Perhaps Inari’s warmest, most comfortable retreat is the freshly renovated and reopened Wilderness Hotel Juutua, close to rapids on the banks of the Juutua river running into the lake. The hotel previously at these premises was known for housing one of the best restaurants in northern Finland, an iconic reputation the new owners intend to sustain. At Restaurant Aanaar (Sámi for Inari), expect to be served fresh fish, such as Arctic char and salmon, as well as reindeer steaks or stew, mushrooms in season, and desserts with vitamin C-rich cloudberry, which grows abundantly here. There’s a special five-course menu included in the hotel’s Arctic Juutua and Juutua Winter Adventure Week packages. In the village, the cheerful PaPaNa Bar serves good pizzas and belting karaoke, as well as local live music acts.

“The Inari area has particularly diverse landscapes, with lakes and rivers and old forests, as well as upland fells,” says Juutua’s travel designer, Maaret Mattus-Tyni. The snowbound terrain lends itself to different winter activities, including reindeer and husky sled rides, snowmobile excursions, and snowshoe explorations. Illuminated cross-country ski tracks lead from near the Hotel Juutua along the river and into the forest. The hotel provides Arctic winter gear and clothing.

Mattus-Tyni has a Sámi family background, and the Inari region is home to one of three groups in Finland with their own languages (you’ll see signage in both Finnish and the local Sámi variant). Sámi people claim an original homeland stretching across the northernmost areas of Finland, Norway, Sweden and Russia.

Siida is the Sámi word for a reindeer herding site or community, and it’s also the name of the Sámi Museum and Nature Centre in Inari, housing a recently expanded exhibition of the people’s history, culture and lifestyle. Since visitors are in the heart of a unique and endangered native culture, it seems only courteous to pay a visit. It can get extremely cold in Lapland in the depths of winter, with temperatures plummeting as low as -30C, and the museum serves as an informative warm-up venue – although you’ll need to wrap up to explore the adjacent outdoor museum of traditional Lapland dwellings. Finland’s Sámi Parliament sits in the Sajos Sámi Cultural Centre, an elegant timber building on the edge of the village.

All this, and no mention of Santa?

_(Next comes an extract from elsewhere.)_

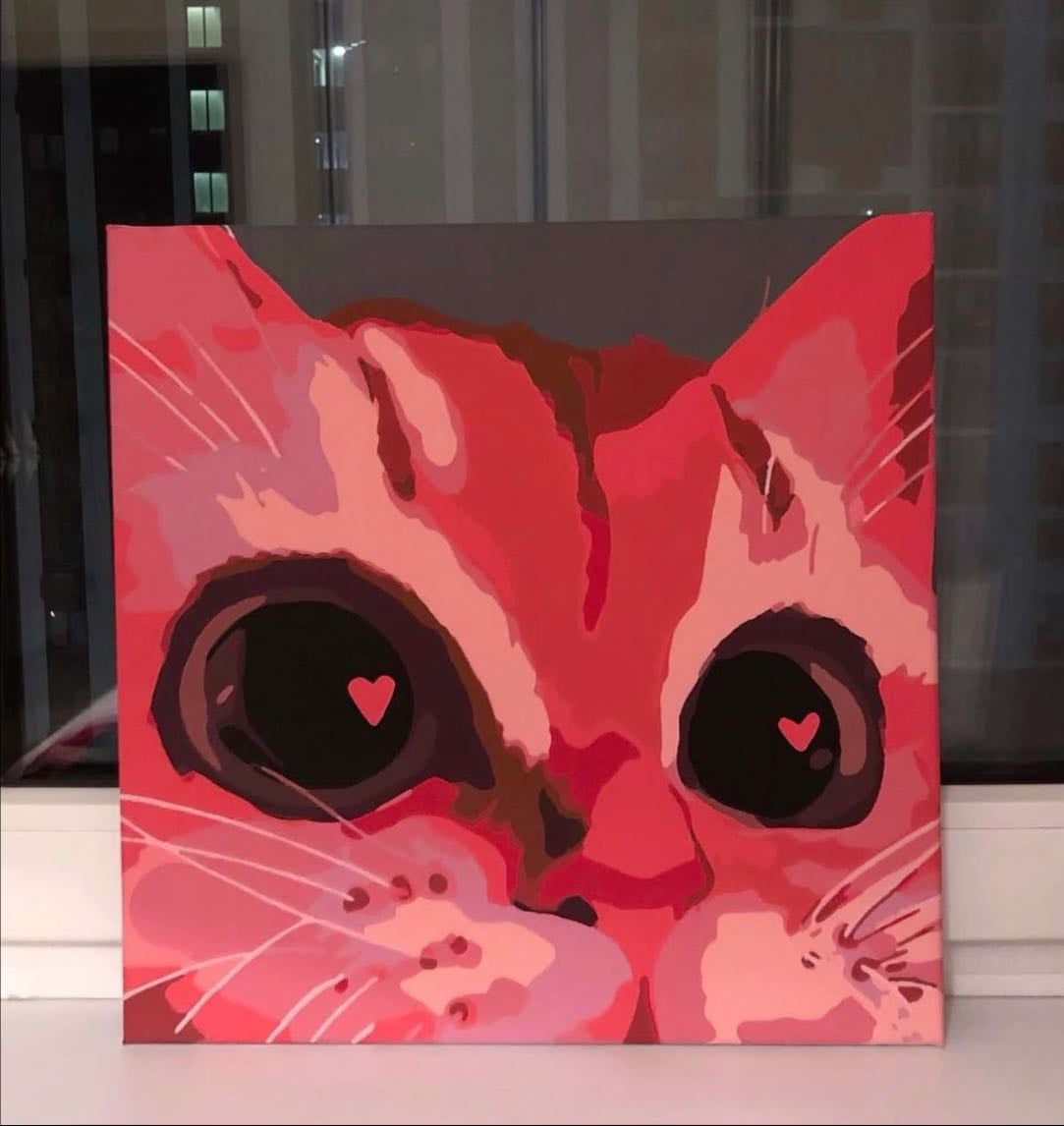 Cartoon painting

In fact, Joulupukki, as he’s known in Finland, still makes his presence felt here, as he does across the whole of Finland. “Sámi people don’t have their own special Christmas traditions,” says Karhu-Angeli. “But in our family we celebrate in the Finnish way – except we have reindeer meat on our table instead of ham. And our Santa has a reindeer-fur coat and reindeer-fur boots and speaks Sámi to us. In fact, he’s more like any old Sámi man.”

The difference is, in Inari not everything revolves around the man with a bag – and, in this grown-up’s opinion, a holiday here is so much the better for it.

Travel essentials

Getting there

Trying to fly less?

It’s possible to travel by train and ferry to Helsinki, going by rail to Stockholm via Hamburg and from there to Finland by sea. Once in Helsinki, the Santa Claus Express runs two to three times daily to Rovaniemi, from where there’s a bus to Inari.

Fine with flying

Finnair flies from Helsinki to Ivalo up to three times daily (1hr 40 min, including stop at Rovaniemi), from which an airport shuttle bus departs for Inari 20 mins after each arrival (40 min).

Alternatively, buses depart from Rovaniemi to Inari twice a day (5hr).

Staying there

In Inari, Wilderness Hotels operate the Wilderness Hotel Juutua (doubles from £163) as well as Wilderness Hotel Inari & Igloos (doubles from £154).

Former school turned hotel, Korpikartano has doubles from £80.